Recommendation 5.2: Materials Alignment
Explain to students how instructional materials and media help them complete activities, and align with unit objectives and course learning outcomes.
Synopsis from Self-Review
Offer brief introductions to contextualize the materials and media used in the course. These can be in writing or short videos. Students connect more deeply to the purpose of course materials and activities when you communicate how they fit into the course outcomes as a whole, and how they serve the immediate learning objectives (what students should be able to know or do after engaging with this chunk of materials). Aligning your materials with outcomes can also help to highlight areas of the course where there may be too much or too little content.
How to Put Into Practice
When introducing and contextualizing your content in the online aspects of your course, reflect on how you typically begin your face-to-face class sessions. How do you create interest? How do you explain the topic’s relevance? How do you provide background and connect it to other things they are learning and the learning outcomes? Try to achieve a similar effect in the online course through a text description or short video.
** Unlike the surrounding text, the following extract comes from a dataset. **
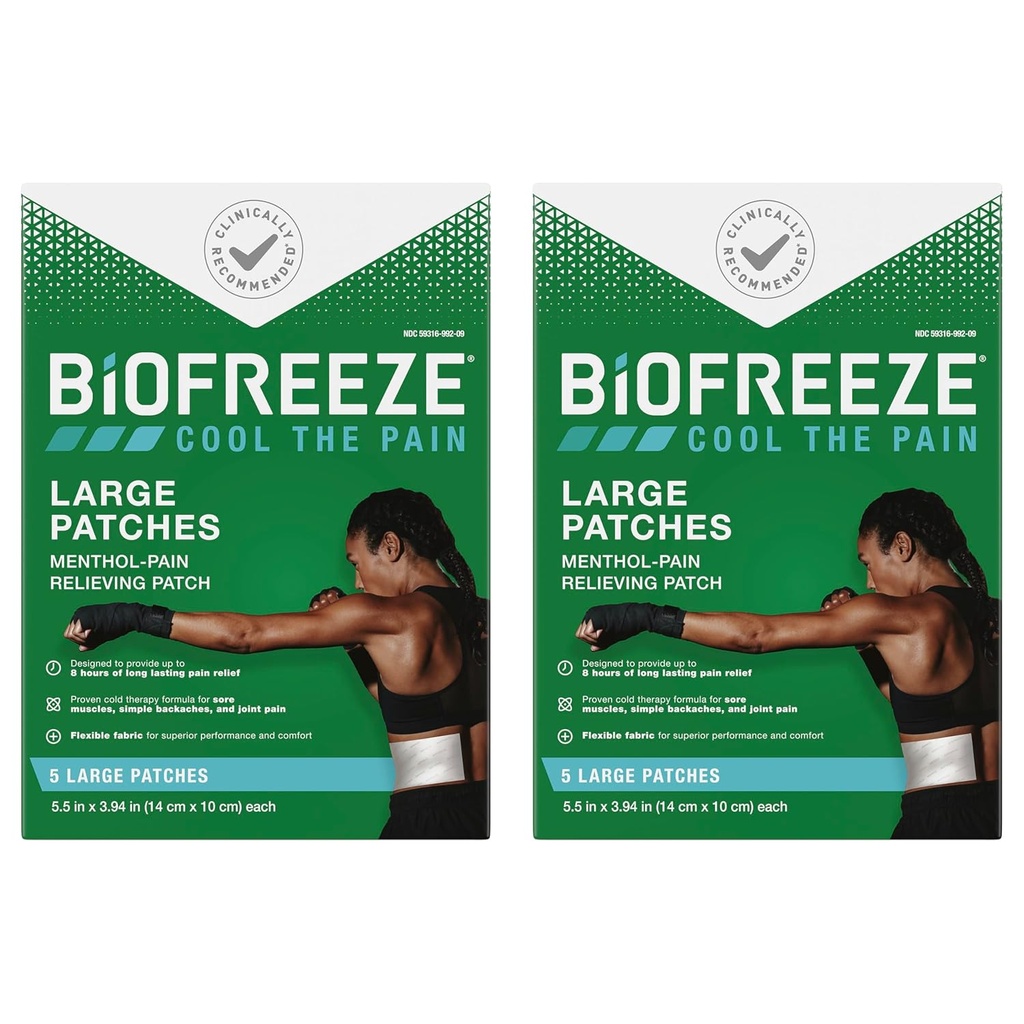 Patchs de soulagement de la douleur Biogelez, Arthrite Pain Reliver, Knee & Lower Back Pain Relief Patch, Soulagement musculaire douloureux, Soulagement de la douleur au cou, 2 Pack (5 Patchs de ménthol Biogelez)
To show alignment, list learning outcomes that relate to course readings, and also show these on the individual assignments, and on your slides or other visuals. By highlighting these connections you are building a valuable resource to help students study.
By reviewing the alignment of course materials, you may also identify content, interactions and assessments which do not relate to outcomes and objectives. This will likely prompt you to remove or redesign the material, thereby helping to reduce the workload for students and channel their energy toward fulfilling the course outcomes. (See Recommendation 1.3: Workload)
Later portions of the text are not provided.